Alors que les pays de l’Union européenne se réunissent, jeudi 23 avril, en sommet extraordinaire à Bruxelles pour passer en revue un plan d’actions face à la crise des migrants en Méditerranée avec une insistance sur les aspects sécuritaires, Amnesty International pointe avec vigueur la négligence des pays européens.
Le directeur exécutif du programme Europe et Asie centrale d’Amnesty International, John Dalhuisen n’a pas hésité à lancer une accusation de non soutien à des milliers de personnes en danger.
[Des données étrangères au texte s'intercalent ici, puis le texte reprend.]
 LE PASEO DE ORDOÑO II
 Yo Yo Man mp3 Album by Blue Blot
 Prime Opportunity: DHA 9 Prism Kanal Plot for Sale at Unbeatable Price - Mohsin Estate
« La négligence de l’Europe, qui a manqué au devoir qui est le sien de sauver des milliers de migrants en péril dans la Méditerranée, est comparable à celle de pompiers qui refuseraient de sauver des gens sautant d’un immeuble en feu. Il incombe aux gouvernements non seulement d’éteindre le feu mais aussi d’attraper les personnes qui ont sauté du rebord de la fenêtre » a-t-il indiqué.
L’ONG interpelle avec force les pays européens et l’opinion publique dans un document qui révèle l’ampleur de la tragédie des « Naufrages en Méditerranée ». Dans cette synthèse, publiée mercredi 22 avril, l’ONG dévoile les chiffres accablants des morts en Méditerranée.
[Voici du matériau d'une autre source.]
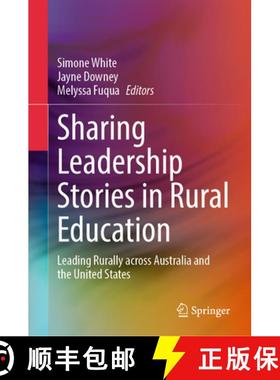 【3-4周达】Sharing Leadership Stories in Rural Education : Leading Rurally across Australia and the U... [9789819782925]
Près de 1 700 personnes ont ainsi péri au cours des trois premiers mois de l’année 2015, soit 100 fois plus qu’au cours de la même période en 2014 et une moyenne effroyable d’un mort toutes les deux heures en Méditerranée depuis janvier.
« C’est plus que le naufrage du Titanic », a souligné mercredi Geneviève Garrigos, présidente d’Amnesty international France.
L’augmentation du nombre de morts est indissociable de l’arrêt de l’opération humanitaire de la marine italienne Mare Nostrum, pointe Amnesty International. « La décision d’abandonner Mare Nostrum, fin 2014, a contribué à une très forte augmentation du nombre de morts de migrants et de réfugiés en mer », indique l’organisation.
Afflux de migrants
D’autant que l’arrêt de l’opération a correspondu avec une augmentation du nombre de réfugiés et de migrants essayant de rejoindre l’Europe par la mer. Les premiers mois de 2015 ont été marqués par l’afflux d’un nombre record de réfugiés et migrants tentant de rallier l’Europe par la mer: quelque 24 000 personnes ont atteint l’Italie par ce biais souligne Amnesty dans sa synthèse.
Les franchissements irréguliers des frontières en Méditerranée centrale ont ainsi augmenté de 42 % lors des deux premiers mois de 2015, principalement par la Libye, comparés aux deux premiers mois de 2014 (de 5 506 à 7 834). Ces chiffres, selon Frontex, « défiaient les normes saisonnières généralement basses, l’hiver étant la saison la plus dangereuse pour traverser la mer Méditerranée. »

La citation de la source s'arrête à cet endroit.